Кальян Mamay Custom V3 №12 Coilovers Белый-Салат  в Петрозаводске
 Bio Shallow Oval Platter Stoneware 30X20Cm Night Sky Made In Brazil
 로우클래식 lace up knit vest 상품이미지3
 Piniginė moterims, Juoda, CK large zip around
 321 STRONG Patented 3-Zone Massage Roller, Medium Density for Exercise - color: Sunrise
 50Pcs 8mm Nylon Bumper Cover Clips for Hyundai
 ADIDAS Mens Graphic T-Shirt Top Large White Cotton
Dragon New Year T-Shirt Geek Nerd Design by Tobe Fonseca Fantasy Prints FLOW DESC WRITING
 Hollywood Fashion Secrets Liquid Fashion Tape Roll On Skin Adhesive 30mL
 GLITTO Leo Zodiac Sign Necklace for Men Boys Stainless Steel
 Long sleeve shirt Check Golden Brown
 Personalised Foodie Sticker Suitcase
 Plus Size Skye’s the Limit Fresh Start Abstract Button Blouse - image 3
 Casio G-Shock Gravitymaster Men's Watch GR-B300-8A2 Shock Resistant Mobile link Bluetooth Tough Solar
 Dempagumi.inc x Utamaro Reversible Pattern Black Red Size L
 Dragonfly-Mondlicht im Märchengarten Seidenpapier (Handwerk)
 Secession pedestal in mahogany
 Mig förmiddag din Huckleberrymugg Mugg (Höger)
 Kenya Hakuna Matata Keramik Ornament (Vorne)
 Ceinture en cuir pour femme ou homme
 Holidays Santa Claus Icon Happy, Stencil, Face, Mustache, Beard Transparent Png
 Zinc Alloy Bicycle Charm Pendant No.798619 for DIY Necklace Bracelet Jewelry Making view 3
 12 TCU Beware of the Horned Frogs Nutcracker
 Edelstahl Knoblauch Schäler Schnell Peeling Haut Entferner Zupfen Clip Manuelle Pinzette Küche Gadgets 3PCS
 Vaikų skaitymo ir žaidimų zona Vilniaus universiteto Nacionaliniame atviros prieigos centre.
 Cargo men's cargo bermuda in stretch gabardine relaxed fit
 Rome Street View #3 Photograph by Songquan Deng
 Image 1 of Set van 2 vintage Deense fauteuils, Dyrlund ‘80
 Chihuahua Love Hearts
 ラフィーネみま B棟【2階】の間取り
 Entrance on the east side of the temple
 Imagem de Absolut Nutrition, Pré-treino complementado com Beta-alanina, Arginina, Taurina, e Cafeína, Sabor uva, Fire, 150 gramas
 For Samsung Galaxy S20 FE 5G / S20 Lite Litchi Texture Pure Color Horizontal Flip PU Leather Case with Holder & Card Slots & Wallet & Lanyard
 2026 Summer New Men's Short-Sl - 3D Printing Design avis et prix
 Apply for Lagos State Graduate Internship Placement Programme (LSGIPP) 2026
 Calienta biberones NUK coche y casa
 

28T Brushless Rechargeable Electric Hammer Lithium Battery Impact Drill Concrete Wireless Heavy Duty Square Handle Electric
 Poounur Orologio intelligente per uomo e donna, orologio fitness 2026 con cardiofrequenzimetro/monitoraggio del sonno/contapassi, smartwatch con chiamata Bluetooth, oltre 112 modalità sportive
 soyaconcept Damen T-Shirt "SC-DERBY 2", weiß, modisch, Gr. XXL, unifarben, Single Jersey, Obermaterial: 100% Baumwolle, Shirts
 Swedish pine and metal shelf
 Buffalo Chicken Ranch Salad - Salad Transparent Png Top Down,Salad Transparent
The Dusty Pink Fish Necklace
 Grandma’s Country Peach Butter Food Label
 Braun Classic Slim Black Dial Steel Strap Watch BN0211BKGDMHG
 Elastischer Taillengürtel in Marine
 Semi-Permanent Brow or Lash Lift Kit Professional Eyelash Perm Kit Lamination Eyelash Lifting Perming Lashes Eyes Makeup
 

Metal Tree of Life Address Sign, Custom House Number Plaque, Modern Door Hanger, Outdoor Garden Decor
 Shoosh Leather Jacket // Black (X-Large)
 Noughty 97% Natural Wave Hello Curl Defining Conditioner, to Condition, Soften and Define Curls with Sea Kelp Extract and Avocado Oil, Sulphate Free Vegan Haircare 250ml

= = =

__Your task__
Word for word, restate the lines of the listing above starting at the line with "Ceinture en cuir pour femme ou homme" and ending at the line with "12 TCU Beware of the Horned Frogs Nutcracker", and nothing outside them.

__Problem solution__
 Ceinture en cuir pour femme ou homme
 Holidays Santa Claus Icon Happy, Stencil, Face, Mustache, Beard Transparent Png
 Zinc Alloy Bicycle Charm Pendant No.798619 for DIY Necklace Bracelet Jewelry Making view 3
 12 TCU Beware of the Horned Frogs Nutcracker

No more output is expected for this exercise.